Boycott the lot
It is the ideological quandary of the age: we know we ought to be boycotting stuff, but what, exactly? And whom? In these days of the media takedown, the Twitter pile-on, the meaningless digital petition and the non-specific accusatory whinge, it’s not about what you say or do or even what you believe, it’s whom you cancel that matters. If you’re a dim young actor who’s never read a book or formed a real opinion then just say “I stand four square with anyone who doesn’t feel seen by the Sorting Hat” and — woohoo! — you’re a Gen-Z identity hero and proud recipient of the Order of the Golden Snowflake.
So pity poor Harry and Meghan, those heroic campaigners for nobody is quite sure what, proud warriors for nothing in particular, brave footmen of the revolution against … stuff. For in giving their support to the Stop Hate for Profit initiative this week, they asked the organisers for advice on “which brands they could help target”.

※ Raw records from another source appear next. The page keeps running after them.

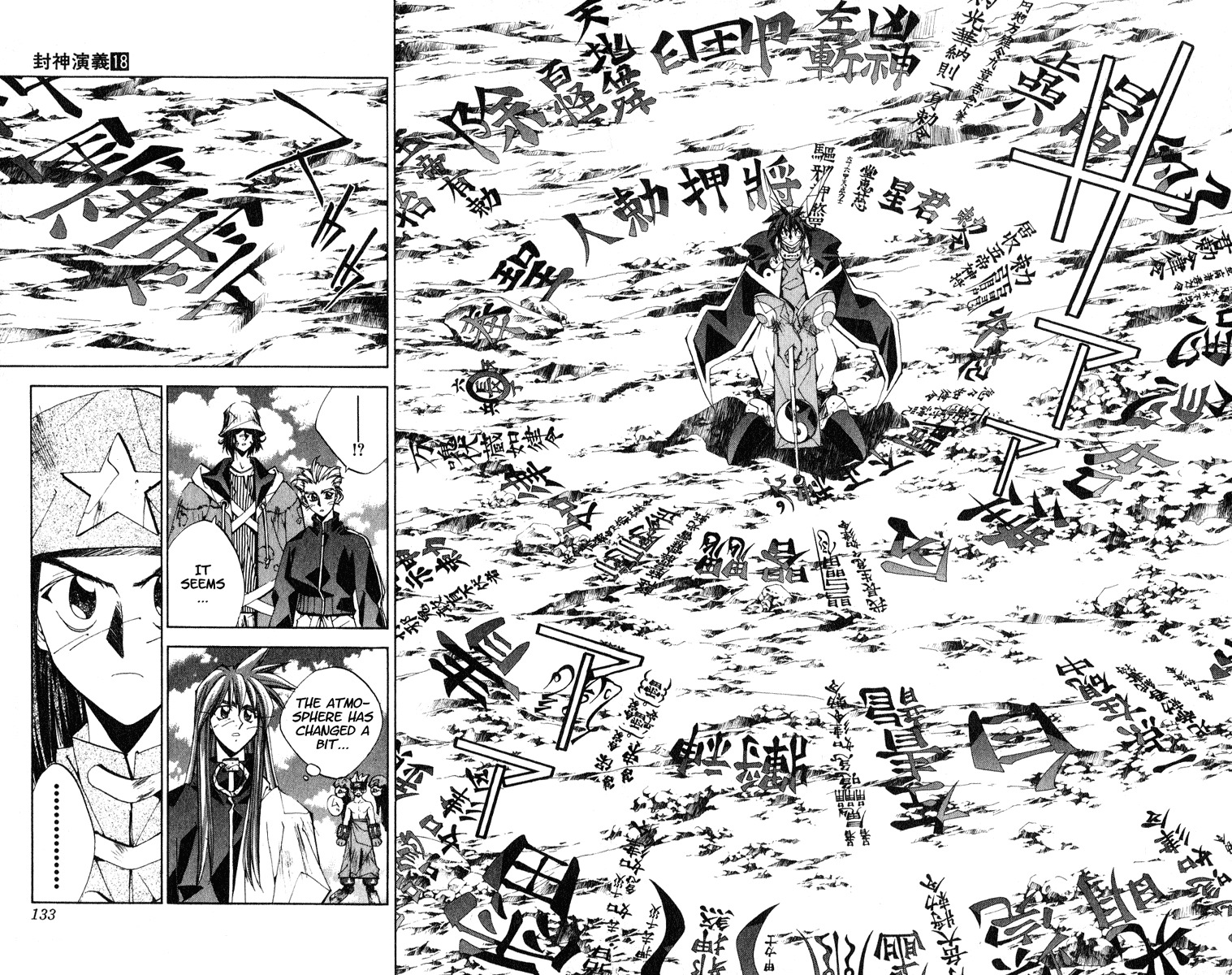 Houshin Engi Chapter 158 page 6 - Chapter 158: Menchijou's Assault and Defence (Middle) - Taijou Roukun's Teaching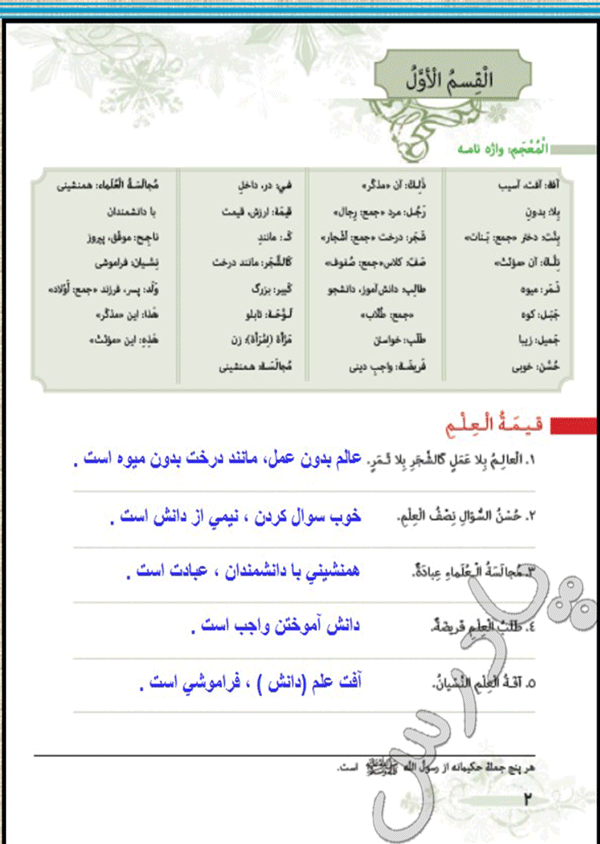 پاسخ درس 1 عربی هفتم  صفحه 1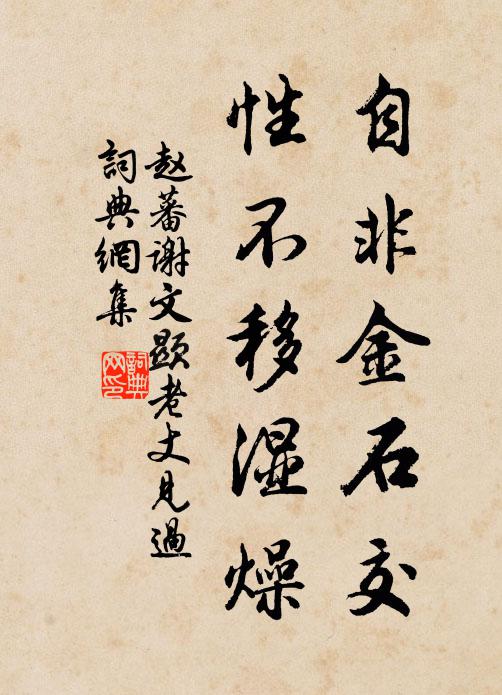 赵蕃自非金石交，性不移湿燥书法作品欣赏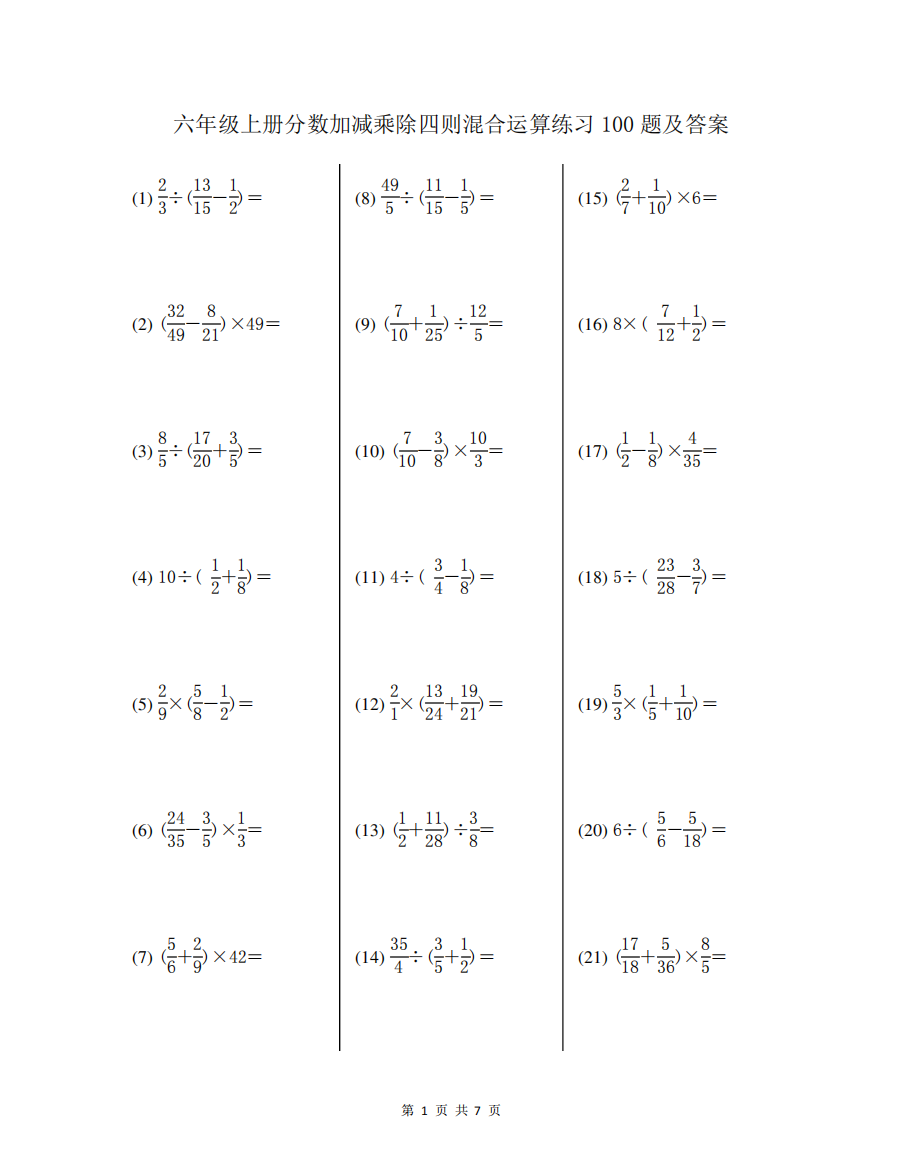 六年级上册分数加减乘除四则混合运算练习100题及答案
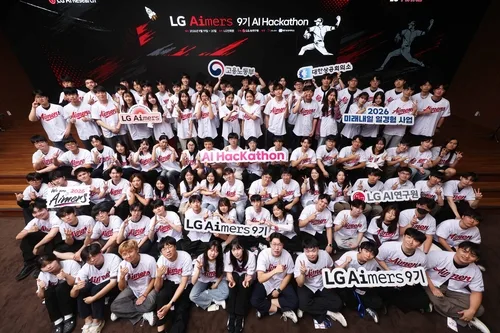 LG, AI 인재 육성 확대…'에이머스 해커톤'에 3천393명 지원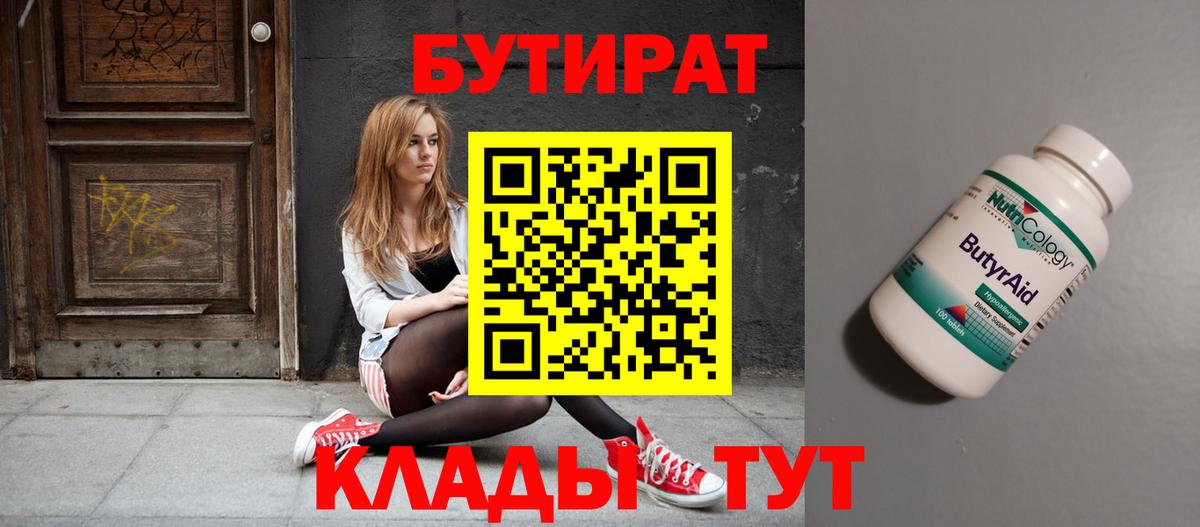 Бутират оксибутират  БУТИРАТ  Сургут  Вход с VPN 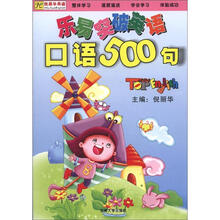 口语500句（附光盘）/乐易突破英语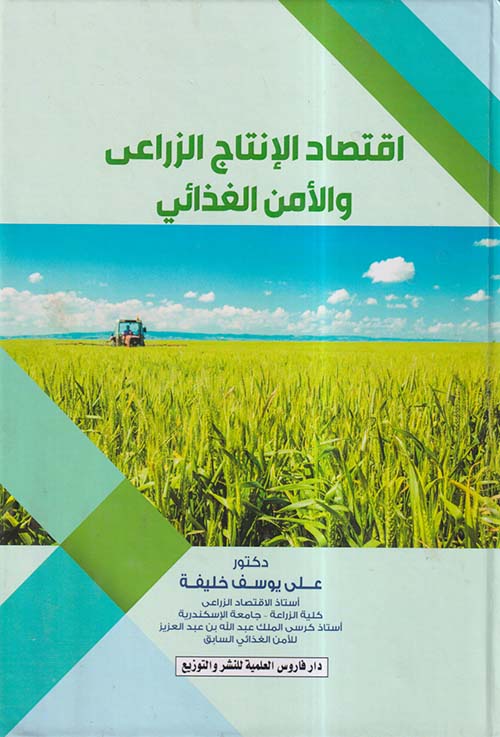اقتصاد الانتاج الزراعي والأمن الغذائي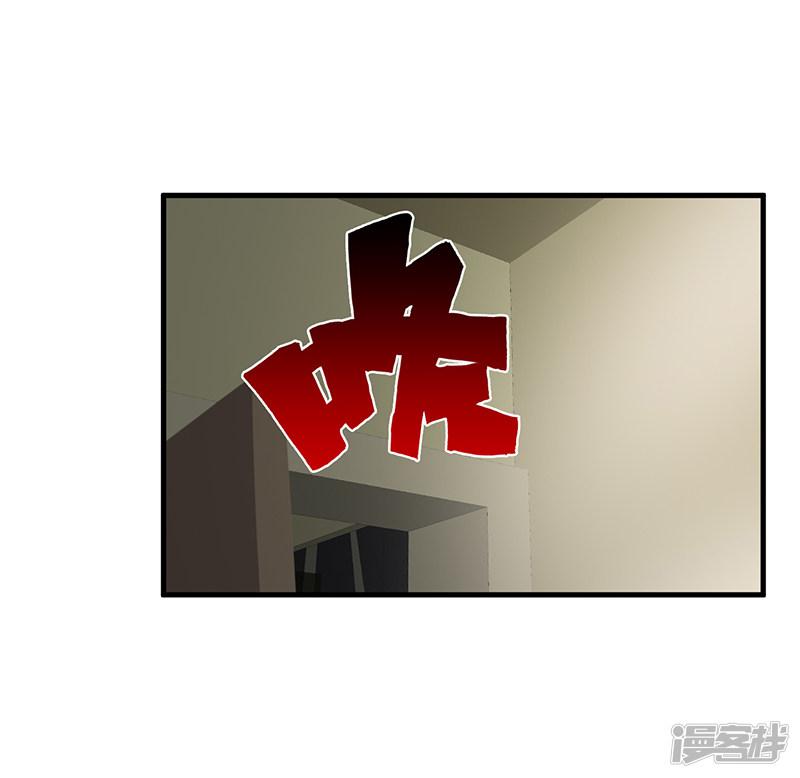 第88话 贪婪的代价-9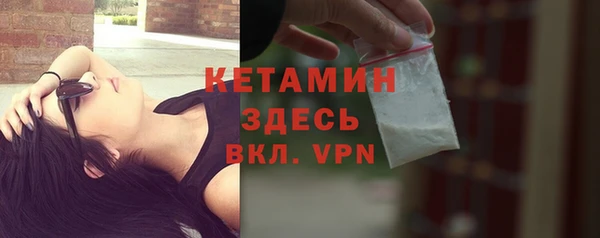 COCAINE Баксан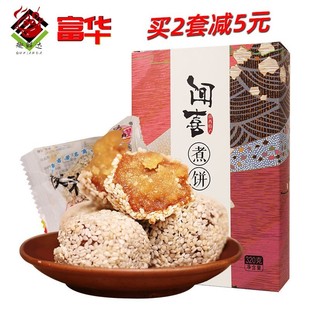 买 2减5元闻喜煮饼山西特产礼盒装休闲 零食糕点心美食小吃包装32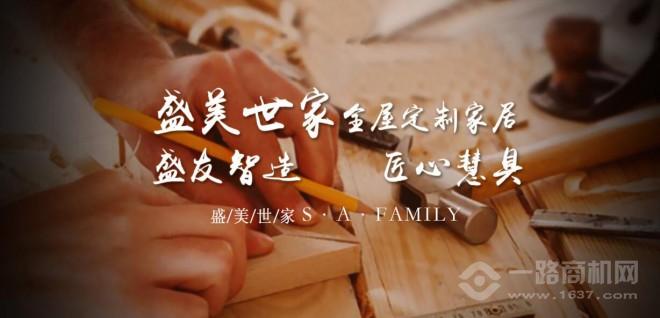 盛美世家 盛美世家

Really, guys? You genuinely need to be told what not to buy or support in order to look woke? Let me see … I think those nice knobbly avocados are still out, on account of the whole Israel thing. Car firms are no good coz of global warming. Ditto energy companies, airlines, shipping people, anyone who farms animals for meat (or anything else), any company without a female chief executive or that pays some staff members slightly different amounts from others, or has ever benefited from any form of inequality in the past, or still has any objects or books in any of its buildings from “the evil times”, which means effectively before last Tuesday. So, basically, apart from not-for-profit enterprises set up in the last ten days by young people who care deeply about whatever is in the news this week, but will move on to other stuff when the wind changes, the best advice would be to boycott … everything.